- SUPPLIED DATA:
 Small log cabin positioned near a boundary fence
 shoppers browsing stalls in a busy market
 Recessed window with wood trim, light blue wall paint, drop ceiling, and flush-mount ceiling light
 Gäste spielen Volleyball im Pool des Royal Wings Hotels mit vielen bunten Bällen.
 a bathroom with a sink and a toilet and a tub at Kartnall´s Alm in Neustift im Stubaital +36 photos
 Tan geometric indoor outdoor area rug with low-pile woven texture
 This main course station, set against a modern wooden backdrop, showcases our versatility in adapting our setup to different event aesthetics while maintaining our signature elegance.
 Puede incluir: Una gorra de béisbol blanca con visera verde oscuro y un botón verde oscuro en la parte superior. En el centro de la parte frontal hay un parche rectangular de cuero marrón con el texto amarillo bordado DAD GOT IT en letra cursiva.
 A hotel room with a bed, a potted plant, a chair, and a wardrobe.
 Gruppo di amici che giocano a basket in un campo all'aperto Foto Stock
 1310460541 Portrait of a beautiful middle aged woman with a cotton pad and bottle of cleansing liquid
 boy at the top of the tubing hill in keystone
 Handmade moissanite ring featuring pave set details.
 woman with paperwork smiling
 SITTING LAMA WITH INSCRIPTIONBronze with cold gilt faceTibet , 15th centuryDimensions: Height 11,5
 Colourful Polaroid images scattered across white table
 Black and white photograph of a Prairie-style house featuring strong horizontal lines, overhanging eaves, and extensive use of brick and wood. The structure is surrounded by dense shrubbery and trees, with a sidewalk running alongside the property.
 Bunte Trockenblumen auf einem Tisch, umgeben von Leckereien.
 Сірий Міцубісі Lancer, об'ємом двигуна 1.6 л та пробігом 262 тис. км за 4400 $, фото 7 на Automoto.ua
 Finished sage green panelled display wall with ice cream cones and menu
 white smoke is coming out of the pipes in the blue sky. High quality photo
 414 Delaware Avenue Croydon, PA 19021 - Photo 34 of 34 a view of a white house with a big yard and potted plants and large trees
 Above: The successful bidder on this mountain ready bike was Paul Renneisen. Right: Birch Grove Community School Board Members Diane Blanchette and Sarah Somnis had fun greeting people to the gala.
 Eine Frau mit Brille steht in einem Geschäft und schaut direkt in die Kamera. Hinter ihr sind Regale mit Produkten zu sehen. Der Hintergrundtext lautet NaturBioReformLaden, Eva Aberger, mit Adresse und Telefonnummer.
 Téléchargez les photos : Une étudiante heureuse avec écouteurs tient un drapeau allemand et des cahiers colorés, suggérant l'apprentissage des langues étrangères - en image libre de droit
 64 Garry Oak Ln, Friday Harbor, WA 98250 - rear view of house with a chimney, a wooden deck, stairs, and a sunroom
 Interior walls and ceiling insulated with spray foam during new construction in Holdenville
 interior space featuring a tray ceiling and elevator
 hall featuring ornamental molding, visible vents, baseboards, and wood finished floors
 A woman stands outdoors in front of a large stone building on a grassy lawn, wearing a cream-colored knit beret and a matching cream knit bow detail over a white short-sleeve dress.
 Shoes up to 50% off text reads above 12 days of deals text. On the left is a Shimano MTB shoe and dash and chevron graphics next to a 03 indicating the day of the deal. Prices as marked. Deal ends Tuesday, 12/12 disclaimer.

- REQUIREMENT:
Copy every entry exactly, leaving nothing out.

- YOUR RESPONSE:
 Small log cabin positioned near a boundary fence
 shoppers browsing stalls in a busy market
 Recessed window with wood trim, light blue wall paint, drop ceiling, and flush-mount ceiling light
 Gäste spielen Volleyball im Pool des Royal Wings Hotels mit vielen bunten Bällen.
 a bathroom with a sink and a toilet and a tub at Kartnall´s Alm in Neustift im Stubaital +36 photos
 Tan geometric indoor outdoor area rug with low-pile woven texture
 This main course station, set against a modern wooden backdrop, showcases our versatility in adapting our setup to different event aesthetics while maintaining our signature elegance.
 Puede incluir: Una gorra de béisbol blanca con visera verde oscuro y un botón verde oscuro en la parte superior. En el centro de la parte frontal hay un parche rectangular de cuero marrón con el texto amarillo bordado DAD GOT IT en letra cursiva.
 A hotel room with a bed, a potted plant, a chair, and a wardrobe.
 Gruppo di amici che giocano a basket in un campo all'aperto Foto Stock
 1310460541 Portrait of a beautiful middle aged woman with a cotton pad and bottle of cleansing liquid
 boy at the top of the tubing hill in keystone
 Handmade moissanite ring featuring pave set details.
 woman with paperwork smiling
 SITTING LAMA WITH INSCRIPTIONBronze with cold gilt faceTibet , 15th centuryDimensions: Height 11,5
 Colourful Polaroid images scattered across white table
 Black and white photograph of a Prairie-style house featuring strong horizontal lines, overhanging eaves, and extensive use of brick and wood. The structure is surrounded by dense shrubbery and trees, with a sidewalk running alongside the property.
 Bunte Trockenblumen auf einem Tisch, umgeben von Leckereien.
 Сірий Міцубісі Lancer, об'ємом двигуна 1.6 л та пробігом 262 тис. км за 4400 $, фото 7 на Automoto.ua
 Finished sage green panelled display wall with ice cream cones and menu
 white smoke is coming out of the pipes in the blue sky. High quality photo
 414 Delaware Avenue Croydon, PA 19021 - Photo 34 of 34 a view of a white house with a big yard and potted plants and large trees
 Above: The successful bidder on this mountain ready bike was Paul Renneisen. Right: Birch Grove Community School Board Members Diane Blanchette and Sarah Somnis had fun greeting people to the gala.
 Eine Frau mit Brille steht in einem Geschäft und schaut direkt in die Kamera. Hinter ihr sind Regale mit Produkten zu sehen. Der Hintergrundtext lautet NaturBioReformLaden, Eva Aberger, mit Adresse und Telefonnummer.
 Téléchargez les photos : Une étudiante heureuse avec écouteurs tient un drapeau allemand et des cahiers colorés, suggérant l'apprentissage des langues étrangères - en image libre de droit
 64 Garry Oak Ln, Friday Harbor, WA 98250 - rear view of house with a chimney, a wooden deck, stairs, and a sunroom
 Interior walls and ceiling insulated with spray foam during new construction in Holdenville
 interior space featuring a tray ceiling and elevator
 hall featuring ornamental molding, visible vents, baseboards, and wood finished floors
 A woman stands outdoors in front of a large stone building on a grassy lawn, wearing a cream-colored knit beret and a matching cream knit bow detail over a white short-sleeve dress.
 Shoes up to 50% off text reads above 12 days of deals text. On the left is a Shimano MTB shoe and dash and chevron graphics next to a 03 indicating the day of the deal. Prices as marked. Deal ends Tuesday, 12/12 disclaimer.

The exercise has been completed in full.